La violazione di questa disciplina procedimentale comporta la nullità dell'atto. Secondo Cass. VI, n. 10444/2017, anche dopo l'attuazione della direttiva 2010/64/UE ad opera del d.lgs. n. 32/2014, la mancata nomina di un interprete all'imputato che non conosce la lingua italiana dà luogo ad una nullità a regime intermedio, la quale deve essere eccepita prima del compimento dell'atto ovvero, qualora ciò non sia possibile, immediatamente dopo e, comunque, non può più essere rilevata, né dedotta, dopo la richiesta di definizione del giudizio nelle forme dell'abbreviato, poiché la scelta del rito alternativo compiuta dall'imputato dimostra la carenza di interesse a far valere la nullità verificatasi nella precedente fase del procedimento.

Analoga la precedente Cass.

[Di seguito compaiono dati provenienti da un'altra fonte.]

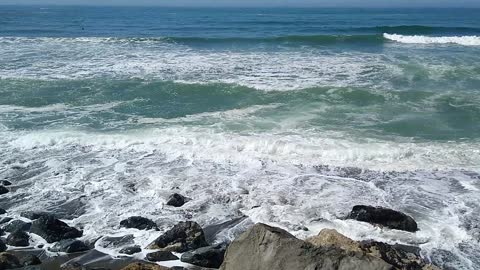 Ocean waves by Rockaway Beach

II, n. 6575/2016 in tema di applicazione della pena su richiesta delle parti quale causa di preclusione per l'imputato alloglotta, che non conosca la lingua italiana, della possibilità di eccepire la nullità derivante dalla mancata traduzione di una parte degli atti del procedimento.

Del pari, la proposizione della richiesta di riesame, pur se ad opera del difensore, ha effetti sananti della nullità conseguente all'omessa traduzione dell'ordinanza cautelare personale nella lingua conosciuta dall'indagato alloglotta, sempre che l'impugnazione non sia stata presentata solo per dedurre la mancata traduzione ovvero per formulare ulteriori questioni pregiudiziali di carattere strettamente procedurale (Cass. III, n. 7056/2015).

Interprete in favore del sordomuto

Ai sensi dell'art. 119, comma 2, c.p.p., peraltro, l'opera dell'interprete è necessaria anche in favore del sordo, del muto e del sordomuto che non sappiano leggere e scrivere (nel qual caso, al contrario, ogni interlocuzione – domande, risposte, avvertimenti, dichiarazioni, etc. – avviene per iscritto). In deroga alla ordinaria causa di incapacità, tenuto conto delle peculiarità di questa tipologia di mediazione comunicativa, l'autorità procedente sceglie l'interprete di preferenza “tra le persone abituate a trattare con lui”.